Acasta alba

Scientific classification
- Kingdom: Animalia
- Phylum: Arthropoda
- Clade: Pancrustacea
- Class: Thecostraca
- Subclass: Cirripedia
- Order: Balanomorpha
- Family: Balanidae
- Genus: Acasta
- Species: A. alba
- Binomial name: Acasta alba Barnard, 1924

= Acasta alba =

- Genus: Acasta
- Species: alba
- Authority: Barnard, 1924

Species of barnacle

Acasta alba is a species of barnacle in the Balanidae family.

==Description==
Barnard said that the species is "almost exactly a combination of A. fenestrata and A. purpurata, approaching perhaps nearer to the latter." The shell is 4mm long and completely white when preserved, and the radii are more narrow than their parietes.

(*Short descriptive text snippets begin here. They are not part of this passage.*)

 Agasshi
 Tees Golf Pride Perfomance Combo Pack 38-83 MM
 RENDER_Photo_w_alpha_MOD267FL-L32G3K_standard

The posterior ramus of the first cirrus is double the length of the anterior ramus. The posterior ramus of the second cirrus is slightly longer than the anterior ramus, and the third cirrus has rami of about equal length. The fourth cirrus has two recurved teeth on the second point of the peduncle. Of the 17 joints of the anterior ramus, joints one through seven has between two and three recurved teeth, and the eighth joint has one tooth. Every joint of the fifth and sixth cirri has three pairs of setae on its anterior margin. The penis is longer than the posterior cirri, has setea, and has small wrinkles.

==Taxonomy==
The species was first formally described in 1924 by Keppel Harcourt Barnard.